Cool. I mean, super-hot, at this levels of energy :--)

So, given the dynamic nature of this 'primordial soup' of energy and mass, w'd it be possible that a black hole is in fact, a temporary state, and that one day, it may wake up ? Yes, one day ,i.e. after ~ 1B+ years.

@artemis the most current thinking (for which Hawking is known) is that black holes themselves are pretty much indestructible, BUT they do "evaporate" through radiation due to pairs of quantum particles that randomly pop into existence at the event horizon. These particles normally do that everywhere. But at the event horizon, one particle of the pair may be sucked into the black hole while the other radiates away, taking energy with it. After trillions of years, the black hole disappears.
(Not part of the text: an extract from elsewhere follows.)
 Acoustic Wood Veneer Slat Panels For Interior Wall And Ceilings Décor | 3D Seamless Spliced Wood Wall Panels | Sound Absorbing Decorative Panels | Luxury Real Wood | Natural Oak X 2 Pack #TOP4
@artemis of course, our observing time for black holes is a pretty short period of time, so it's entirely possible that there is other unexpected phenomena that impacts them.

@JWilliams

Thank you for indulging my ignorance & my poetizing stars 😊

So, the fate of a black hole is inexorably unidirectional. If this has anything to do w/entropy, I kinda get it (somehow). Fascinating that random pairs of tiny quantum particles kamikaze themselves to slowly, but surely, 'evaporate away' the mighty dark black hole. Even more fascinating that one particle takes away the energy & runs with it, going somewhere. Perhaps, to make light. This is one heck of a cosmic dance.